Chasing Police Calls

Airdates: March 8, 9, 11

This is Living Stories, featuring voices from the collections of the Baylor University Institute for Oral History. I'm Kim Patterson.

Before television and computers monopolized our free time, chasing police calls was a popular hobby. People needed only a radio, the knowhow to tinker with it, and a car.

Charles Armstrong, a lifelong radio enthusiast and Waco resident, explains how he and wife Ruth had access to police dispatches through the 1940s, 50s, and 60s:

"They was on AM, but they were up high on the band. On your car radio or house radio, you could turn it far as you go plumb up to the end of the band. You could take you a screwdriver and go in the back, and you could change the frequency. You could raise it up a little bit by using what's called an antenna tuner, and you could reach the police department. You could hear them on there dispatching. So we could listen to them, and if it was anywhere close, we'd get in the car and go.

"And then it didn't last very long. I guess people got to bothering the police department and maybe too many people following them, so they went to FM, frequency modulation. I run up on a ad in one of the surplus books. We bought a tank receiver. It was for army tanks, twelve-volt operated. And so we'd chase them on FM."
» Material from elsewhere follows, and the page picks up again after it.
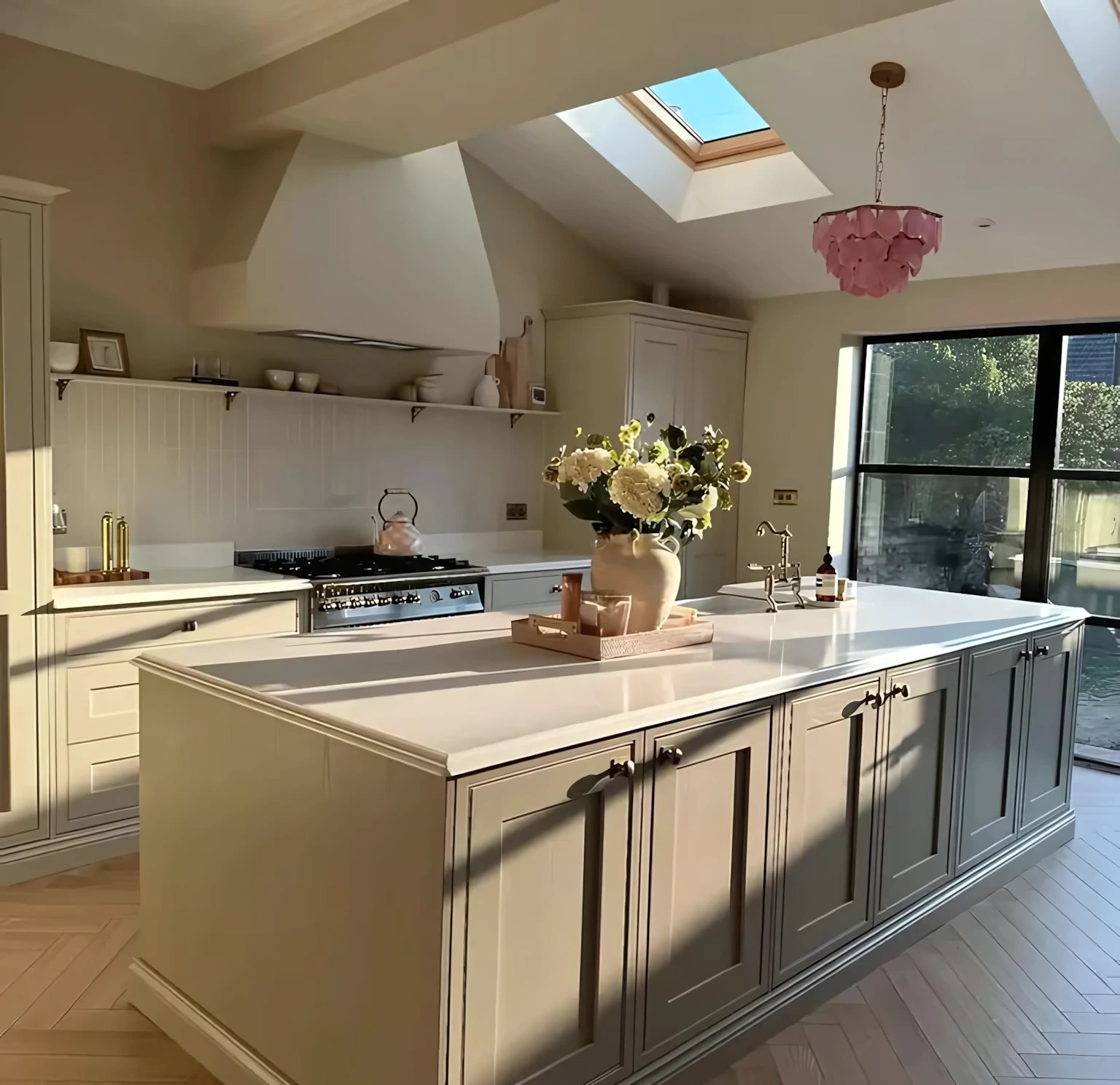 Quartz kitchen island – North East, Prudhoe NE42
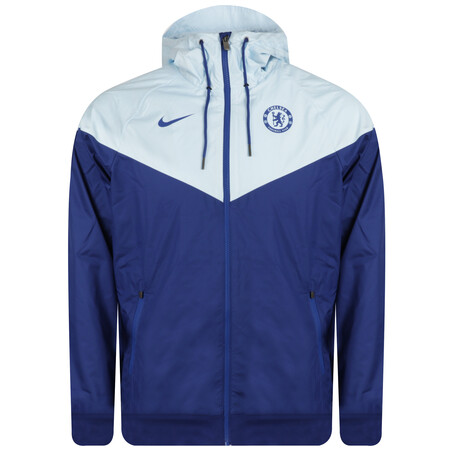 Coupe vent Chelsea bleu 2020/21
Fires, car crashes, homicides—the Armstrongs went to it all. And their adventures influenced a young man named John Sherrell:

Charles Armstrong: "We'd chased so many times, so long that we knew every policeman on the force. In fact, the boy that used to ride with us to chase the calls, he said, ‘Boy,' said, ‘I'd like to be a policeman.' I said, ‘Well, they've got a school open down there.' And John went down and took a test and got in the police department, and he stayed on there for forty-something—forty years."

Ruth Armstrong: "And he's been on there for—he was on there for years."

Charles Armstrong: "And he ended up being a detective, and he got a taste of it from us."

When something interesting came over the police band, the Armstrongs often picked up nearby friends Harry and Lois Raines. Mr. Raines describes one disturbance that took place near the former post office at Franklin Avenue and Eighth Street: two soldiers were harassing a female and called in friends as backup when police arrived. Mr. Armstrong and Mr. Raines decided to help out:

"There were about two trucks sitting over by the post office there, and they whistled for them, and they all jumped out. So we was all out there fighting. And they'd tore up this policeman's uniform. And I was out there fighting; I was stomping his hat up. (laughs) And he had his gun out. He was hitting them up the side of the head with it. We loaded them in our car, took them to police headquarters, (interviewer laughs) the soldiers dressed in civilian clothes. This police had hit them up the side of the head, you know, and it didn't bring them down or nothing. Shoved them in a car, hit their head up against the side of the car, it didn't bother them. So they must have been hocked up on something, you know.

"And so they took them down there and drove in there. They'd reported we'd kidnapped those soldiers. These other guys in the truck, they went in the post office, called, said we'd kidnapped them. (laughs) And so we drove in down there, some policemen's standing out there, and they said, Is this the car kidnapped them soldiers? We said, No, we didn't kidnap them. We're bringing them in jail."

The first commercial police scanners hit the market in the 1970s, and today all kinds of scanning equipment exists, with many feeds streamed over the Internet. Several regulations of the practice have been put in place since the days when the Armstrongs and Raineses were listening in.